According to a person familiar with the committee's work who requested anonymity to discuss the private discussions, the panel is also considering hiring former Virginia Rep. Denver Riggleman, a Republican who has criticized Trump's lies about election fraud, as an outside adviser.

Cheney told reporters Wednesday that she agrees with Pelosi's decision to reject McCarthy's two Republicans.

“At every opportunity, the minority leader has tried to keep the American people from understanding what happened — to obstruct this investigation,” Cheney said.

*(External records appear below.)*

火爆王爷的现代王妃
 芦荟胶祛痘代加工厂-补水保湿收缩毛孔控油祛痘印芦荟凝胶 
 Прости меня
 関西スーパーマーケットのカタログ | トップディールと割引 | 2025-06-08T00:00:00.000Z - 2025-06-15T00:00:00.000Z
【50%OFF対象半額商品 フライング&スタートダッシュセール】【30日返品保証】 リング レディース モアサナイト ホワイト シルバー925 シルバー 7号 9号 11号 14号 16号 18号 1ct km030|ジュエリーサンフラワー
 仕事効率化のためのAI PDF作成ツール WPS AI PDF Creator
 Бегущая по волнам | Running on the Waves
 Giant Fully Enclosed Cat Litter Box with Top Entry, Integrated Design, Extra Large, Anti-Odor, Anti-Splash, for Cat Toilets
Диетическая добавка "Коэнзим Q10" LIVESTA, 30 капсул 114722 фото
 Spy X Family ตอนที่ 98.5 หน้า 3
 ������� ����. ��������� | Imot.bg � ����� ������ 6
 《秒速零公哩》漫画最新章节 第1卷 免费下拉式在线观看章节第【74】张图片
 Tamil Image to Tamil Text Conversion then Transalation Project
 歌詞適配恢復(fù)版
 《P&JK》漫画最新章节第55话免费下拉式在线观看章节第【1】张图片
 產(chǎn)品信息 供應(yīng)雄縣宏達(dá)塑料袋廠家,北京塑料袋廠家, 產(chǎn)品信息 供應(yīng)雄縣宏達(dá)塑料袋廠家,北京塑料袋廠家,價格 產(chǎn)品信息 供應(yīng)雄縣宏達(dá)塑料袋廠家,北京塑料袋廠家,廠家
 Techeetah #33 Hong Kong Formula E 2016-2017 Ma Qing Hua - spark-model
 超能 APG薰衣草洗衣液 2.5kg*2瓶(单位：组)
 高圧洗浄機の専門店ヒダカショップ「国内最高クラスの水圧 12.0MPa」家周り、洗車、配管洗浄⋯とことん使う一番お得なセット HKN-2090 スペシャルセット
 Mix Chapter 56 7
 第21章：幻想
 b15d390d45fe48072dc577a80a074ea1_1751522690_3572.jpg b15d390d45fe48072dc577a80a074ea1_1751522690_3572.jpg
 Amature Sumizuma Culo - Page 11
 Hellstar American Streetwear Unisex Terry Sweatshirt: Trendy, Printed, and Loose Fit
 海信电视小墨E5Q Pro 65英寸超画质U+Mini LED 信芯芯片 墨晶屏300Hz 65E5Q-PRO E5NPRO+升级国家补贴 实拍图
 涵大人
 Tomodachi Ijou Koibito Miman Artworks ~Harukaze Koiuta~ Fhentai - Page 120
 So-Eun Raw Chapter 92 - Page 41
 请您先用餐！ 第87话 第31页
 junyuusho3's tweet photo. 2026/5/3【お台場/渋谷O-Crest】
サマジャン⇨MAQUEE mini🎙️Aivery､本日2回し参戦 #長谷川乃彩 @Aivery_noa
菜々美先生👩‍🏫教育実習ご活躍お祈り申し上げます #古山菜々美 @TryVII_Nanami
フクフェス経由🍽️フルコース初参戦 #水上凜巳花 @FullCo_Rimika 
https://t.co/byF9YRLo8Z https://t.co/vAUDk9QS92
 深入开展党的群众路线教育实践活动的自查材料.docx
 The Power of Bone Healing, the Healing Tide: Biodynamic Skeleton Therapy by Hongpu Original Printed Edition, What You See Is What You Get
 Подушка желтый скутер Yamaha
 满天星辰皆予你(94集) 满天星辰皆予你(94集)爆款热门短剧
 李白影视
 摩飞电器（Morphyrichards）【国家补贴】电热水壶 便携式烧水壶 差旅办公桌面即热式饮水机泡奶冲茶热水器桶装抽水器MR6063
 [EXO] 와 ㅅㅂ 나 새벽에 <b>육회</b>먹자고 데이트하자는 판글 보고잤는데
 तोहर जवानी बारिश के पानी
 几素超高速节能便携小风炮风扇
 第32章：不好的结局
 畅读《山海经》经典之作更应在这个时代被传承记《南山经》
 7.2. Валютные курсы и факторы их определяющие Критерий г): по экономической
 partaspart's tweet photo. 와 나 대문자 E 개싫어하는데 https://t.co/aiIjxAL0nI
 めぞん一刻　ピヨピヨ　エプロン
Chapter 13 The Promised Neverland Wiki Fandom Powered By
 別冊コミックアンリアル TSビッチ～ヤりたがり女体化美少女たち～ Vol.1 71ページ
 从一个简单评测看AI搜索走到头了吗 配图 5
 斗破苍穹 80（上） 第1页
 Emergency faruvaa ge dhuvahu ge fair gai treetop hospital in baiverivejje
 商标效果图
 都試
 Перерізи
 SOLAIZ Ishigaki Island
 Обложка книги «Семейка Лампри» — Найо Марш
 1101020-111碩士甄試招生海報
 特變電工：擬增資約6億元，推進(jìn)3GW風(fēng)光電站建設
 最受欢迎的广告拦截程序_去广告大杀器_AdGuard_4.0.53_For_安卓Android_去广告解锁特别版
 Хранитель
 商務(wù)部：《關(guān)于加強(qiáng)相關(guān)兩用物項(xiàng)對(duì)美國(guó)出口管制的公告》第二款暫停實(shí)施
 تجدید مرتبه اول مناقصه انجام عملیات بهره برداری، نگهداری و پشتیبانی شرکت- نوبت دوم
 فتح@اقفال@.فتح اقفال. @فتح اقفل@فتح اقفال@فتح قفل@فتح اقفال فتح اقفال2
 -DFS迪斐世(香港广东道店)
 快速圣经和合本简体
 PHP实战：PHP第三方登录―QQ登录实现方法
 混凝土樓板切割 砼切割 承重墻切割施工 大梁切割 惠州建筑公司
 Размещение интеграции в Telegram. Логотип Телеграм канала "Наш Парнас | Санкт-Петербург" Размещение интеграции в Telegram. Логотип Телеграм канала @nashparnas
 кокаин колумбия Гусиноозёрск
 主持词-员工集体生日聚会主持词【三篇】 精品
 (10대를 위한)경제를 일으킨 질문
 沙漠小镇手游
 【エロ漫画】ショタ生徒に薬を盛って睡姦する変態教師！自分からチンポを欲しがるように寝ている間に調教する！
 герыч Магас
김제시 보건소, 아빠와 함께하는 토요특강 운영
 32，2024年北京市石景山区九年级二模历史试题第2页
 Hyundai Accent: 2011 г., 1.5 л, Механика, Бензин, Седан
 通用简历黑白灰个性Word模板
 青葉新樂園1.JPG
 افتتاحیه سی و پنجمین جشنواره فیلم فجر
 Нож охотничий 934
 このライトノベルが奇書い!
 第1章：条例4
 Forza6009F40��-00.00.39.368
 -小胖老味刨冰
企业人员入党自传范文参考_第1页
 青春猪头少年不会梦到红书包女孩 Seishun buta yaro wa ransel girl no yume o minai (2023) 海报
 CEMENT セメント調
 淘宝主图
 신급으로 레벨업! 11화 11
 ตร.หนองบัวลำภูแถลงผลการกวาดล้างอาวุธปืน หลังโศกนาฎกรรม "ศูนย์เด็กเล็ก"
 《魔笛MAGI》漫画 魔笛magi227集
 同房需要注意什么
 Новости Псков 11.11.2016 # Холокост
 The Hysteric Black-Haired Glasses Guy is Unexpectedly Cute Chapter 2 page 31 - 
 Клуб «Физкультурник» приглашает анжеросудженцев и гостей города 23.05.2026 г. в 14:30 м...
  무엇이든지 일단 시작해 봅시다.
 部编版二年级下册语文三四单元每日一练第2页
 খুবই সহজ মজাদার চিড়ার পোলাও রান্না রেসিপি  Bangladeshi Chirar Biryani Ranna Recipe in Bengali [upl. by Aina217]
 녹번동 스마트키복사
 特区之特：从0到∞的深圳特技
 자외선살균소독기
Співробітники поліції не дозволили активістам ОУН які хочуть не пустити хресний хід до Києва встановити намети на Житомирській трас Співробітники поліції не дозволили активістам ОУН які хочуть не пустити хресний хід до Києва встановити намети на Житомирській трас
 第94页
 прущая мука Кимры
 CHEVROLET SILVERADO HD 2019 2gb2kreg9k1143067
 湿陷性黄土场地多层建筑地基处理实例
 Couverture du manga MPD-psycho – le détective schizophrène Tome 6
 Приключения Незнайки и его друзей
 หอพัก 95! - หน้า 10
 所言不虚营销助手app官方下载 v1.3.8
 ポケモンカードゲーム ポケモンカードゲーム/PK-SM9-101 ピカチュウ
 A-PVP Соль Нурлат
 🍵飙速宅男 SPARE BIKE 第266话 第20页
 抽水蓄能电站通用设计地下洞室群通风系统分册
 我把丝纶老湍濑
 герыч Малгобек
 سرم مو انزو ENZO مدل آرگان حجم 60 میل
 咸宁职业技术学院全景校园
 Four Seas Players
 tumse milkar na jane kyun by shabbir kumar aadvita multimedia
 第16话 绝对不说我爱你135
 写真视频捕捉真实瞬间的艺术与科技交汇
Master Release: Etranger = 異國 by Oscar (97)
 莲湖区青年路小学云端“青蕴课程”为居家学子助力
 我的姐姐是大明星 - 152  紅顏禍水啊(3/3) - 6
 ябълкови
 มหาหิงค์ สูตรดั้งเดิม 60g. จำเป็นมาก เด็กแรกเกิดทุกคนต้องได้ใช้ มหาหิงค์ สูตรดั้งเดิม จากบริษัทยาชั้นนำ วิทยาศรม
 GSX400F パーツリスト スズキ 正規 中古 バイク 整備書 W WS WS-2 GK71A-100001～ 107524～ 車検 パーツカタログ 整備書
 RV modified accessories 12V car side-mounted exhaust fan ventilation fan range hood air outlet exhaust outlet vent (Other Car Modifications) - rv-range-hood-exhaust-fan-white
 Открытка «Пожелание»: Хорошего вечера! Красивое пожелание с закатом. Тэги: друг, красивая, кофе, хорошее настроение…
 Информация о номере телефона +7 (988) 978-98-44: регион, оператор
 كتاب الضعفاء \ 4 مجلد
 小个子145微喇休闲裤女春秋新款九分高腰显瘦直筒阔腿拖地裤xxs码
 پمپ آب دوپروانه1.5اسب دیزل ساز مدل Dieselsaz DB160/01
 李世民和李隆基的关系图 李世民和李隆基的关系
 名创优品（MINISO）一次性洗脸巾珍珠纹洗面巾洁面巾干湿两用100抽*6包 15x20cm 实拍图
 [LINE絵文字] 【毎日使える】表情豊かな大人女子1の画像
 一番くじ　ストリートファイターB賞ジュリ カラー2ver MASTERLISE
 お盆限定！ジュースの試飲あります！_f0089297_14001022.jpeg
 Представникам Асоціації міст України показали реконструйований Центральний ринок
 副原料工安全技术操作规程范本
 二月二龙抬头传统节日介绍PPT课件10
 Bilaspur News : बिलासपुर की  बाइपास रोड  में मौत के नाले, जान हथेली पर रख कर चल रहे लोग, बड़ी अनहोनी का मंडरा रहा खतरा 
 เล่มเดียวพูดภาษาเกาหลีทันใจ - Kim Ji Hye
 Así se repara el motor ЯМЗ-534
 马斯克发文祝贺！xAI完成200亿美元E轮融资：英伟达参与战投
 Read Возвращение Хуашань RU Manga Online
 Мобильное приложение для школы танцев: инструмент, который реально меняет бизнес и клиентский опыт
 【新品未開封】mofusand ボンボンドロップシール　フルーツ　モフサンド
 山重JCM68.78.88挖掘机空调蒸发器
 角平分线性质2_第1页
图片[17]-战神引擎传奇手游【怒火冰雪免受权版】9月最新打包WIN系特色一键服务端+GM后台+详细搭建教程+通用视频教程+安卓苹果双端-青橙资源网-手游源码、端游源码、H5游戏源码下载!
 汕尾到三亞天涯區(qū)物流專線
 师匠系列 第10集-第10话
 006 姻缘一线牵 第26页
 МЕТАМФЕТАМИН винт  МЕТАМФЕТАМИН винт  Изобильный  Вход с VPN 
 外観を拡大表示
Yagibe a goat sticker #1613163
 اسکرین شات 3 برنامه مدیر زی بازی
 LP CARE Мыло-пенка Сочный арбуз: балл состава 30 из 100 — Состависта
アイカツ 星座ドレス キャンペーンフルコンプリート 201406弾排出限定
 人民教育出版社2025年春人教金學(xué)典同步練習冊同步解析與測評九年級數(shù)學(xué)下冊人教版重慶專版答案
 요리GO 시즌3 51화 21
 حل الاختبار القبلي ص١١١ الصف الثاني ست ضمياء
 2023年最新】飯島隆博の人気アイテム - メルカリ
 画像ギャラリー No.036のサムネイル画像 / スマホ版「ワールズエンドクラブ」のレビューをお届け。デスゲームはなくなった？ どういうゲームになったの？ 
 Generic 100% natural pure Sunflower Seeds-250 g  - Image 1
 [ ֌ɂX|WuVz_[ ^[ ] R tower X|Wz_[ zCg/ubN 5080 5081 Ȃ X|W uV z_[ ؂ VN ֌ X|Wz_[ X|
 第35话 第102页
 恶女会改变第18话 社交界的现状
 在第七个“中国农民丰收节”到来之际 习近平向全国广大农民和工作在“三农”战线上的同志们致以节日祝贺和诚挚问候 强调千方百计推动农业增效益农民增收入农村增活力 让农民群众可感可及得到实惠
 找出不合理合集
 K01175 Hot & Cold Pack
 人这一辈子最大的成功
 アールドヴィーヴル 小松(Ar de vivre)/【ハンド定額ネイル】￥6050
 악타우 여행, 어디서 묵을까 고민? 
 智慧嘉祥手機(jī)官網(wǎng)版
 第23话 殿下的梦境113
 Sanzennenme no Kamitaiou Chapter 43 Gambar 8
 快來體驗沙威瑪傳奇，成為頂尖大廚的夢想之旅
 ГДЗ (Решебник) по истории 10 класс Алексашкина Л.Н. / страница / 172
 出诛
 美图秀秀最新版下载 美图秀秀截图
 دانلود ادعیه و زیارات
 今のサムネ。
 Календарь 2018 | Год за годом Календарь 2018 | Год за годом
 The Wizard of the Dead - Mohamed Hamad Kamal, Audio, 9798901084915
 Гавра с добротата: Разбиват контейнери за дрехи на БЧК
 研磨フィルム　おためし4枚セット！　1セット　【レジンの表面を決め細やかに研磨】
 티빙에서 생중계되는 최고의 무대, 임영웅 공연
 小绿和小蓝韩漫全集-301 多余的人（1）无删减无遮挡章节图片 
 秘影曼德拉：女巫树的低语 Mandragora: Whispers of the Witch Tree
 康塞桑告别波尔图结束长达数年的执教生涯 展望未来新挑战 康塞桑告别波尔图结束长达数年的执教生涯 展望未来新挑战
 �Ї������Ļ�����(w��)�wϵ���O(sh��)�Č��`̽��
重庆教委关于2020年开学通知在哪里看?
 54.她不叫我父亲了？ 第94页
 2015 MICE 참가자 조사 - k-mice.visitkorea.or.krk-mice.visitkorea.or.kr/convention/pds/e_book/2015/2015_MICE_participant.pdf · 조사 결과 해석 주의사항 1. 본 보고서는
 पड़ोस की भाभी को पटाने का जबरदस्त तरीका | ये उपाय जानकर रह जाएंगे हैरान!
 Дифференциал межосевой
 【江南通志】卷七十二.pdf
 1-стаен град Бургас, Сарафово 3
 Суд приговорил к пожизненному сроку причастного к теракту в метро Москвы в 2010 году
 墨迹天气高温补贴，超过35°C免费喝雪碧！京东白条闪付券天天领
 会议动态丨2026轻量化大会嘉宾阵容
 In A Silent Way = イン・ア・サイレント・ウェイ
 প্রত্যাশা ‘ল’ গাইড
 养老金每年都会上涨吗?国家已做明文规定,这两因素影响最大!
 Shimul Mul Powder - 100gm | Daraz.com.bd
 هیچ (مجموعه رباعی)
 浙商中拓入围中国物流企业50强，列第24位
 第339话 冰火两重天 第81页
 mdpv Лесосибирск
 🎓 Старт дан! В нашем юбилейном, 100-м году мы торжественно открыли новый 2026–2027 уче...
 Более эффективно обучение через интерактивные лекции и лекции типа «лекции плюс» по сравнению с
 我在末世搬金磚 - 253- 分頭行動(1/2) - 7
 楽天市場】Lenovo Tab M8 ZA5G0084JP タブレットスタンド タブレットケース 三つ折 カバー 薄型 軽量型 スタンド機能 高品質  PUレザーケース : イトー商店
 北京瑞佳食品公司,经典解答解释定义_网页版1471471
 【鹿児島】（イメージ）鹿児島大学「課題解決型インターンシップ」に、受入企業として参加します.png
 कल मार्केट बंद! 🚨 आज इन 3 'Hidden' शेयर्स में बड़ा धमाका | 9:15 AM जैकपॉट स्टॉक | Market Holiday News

The panel's first hearing will be held next week, with at least four rank-and-file police officers who battled rioters that day testifying about their experiences. Dozens of police officers were injured as the violent mob pushed past them and broke into the Capitol building.

The committee's chair, Mississippi Rep. Bennie Thompson, stated that the committee would carry out its responsibilities.

“It has been more than 6 months since the attack, and we owe it to our democracy to stay the course and not be distracted by sideshows,” Thompson said in a statement, adding, “That is exactly what we will be doing next Tuesday, when the bipartisan committee members take testimony from frontline heroes who put their lives on the line to protect our democracy.”

Seven people died as a result of the rioting, including a woman who was shot by police as she attempted to break into the House chamber and three other Trump supporters who were taken to the hospital.

In the days that followed, two police officers committed suicide, and a third officer, Capitol Police Officer Brian Sicknick, collapsed and later died after engaging with protesters, and a medical examiner determined he died of natural causes.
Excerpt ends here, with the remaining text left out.